→ **Collected material**:
Start of Block
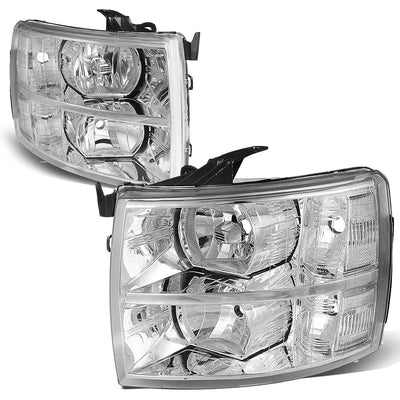 D-Motoring - 07-14 Chevy Silverado  Headlights - Chrome Housing - Clear Reflector - Plug-n-Play - Pair - 1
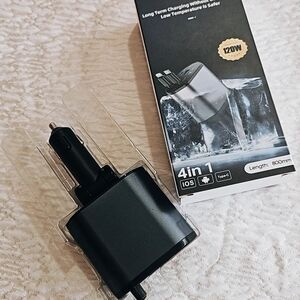 4-in-1 Car Charger Adapter - Black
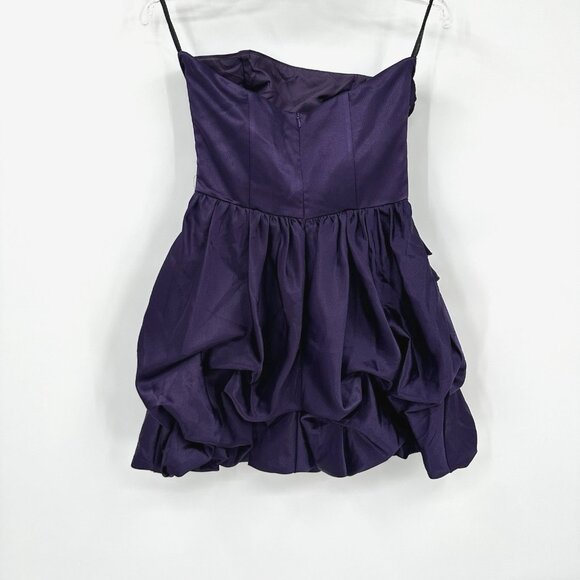 vintage 90s GUNNE SAX JESSICA MCCLINTOCK dress strapless satin emo goth purple S - Picture 6 of 8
End of Block
→ **Task**: Set the material above down again word for word. Include none of its pictures.

→ **Reply to the task**:
 D-Motoring - 07-14 Chevy Silverado  Headlights - Chrome Housing - Clear Reflector - Plug-n-Play - Pair - 1
 4-in-1 Car Charger Adapter - Black
 vintage 90s GUNNE SAX JESSICA MCCLINTOCK dress strapless satin emo goth purple S - Picture 6 of 8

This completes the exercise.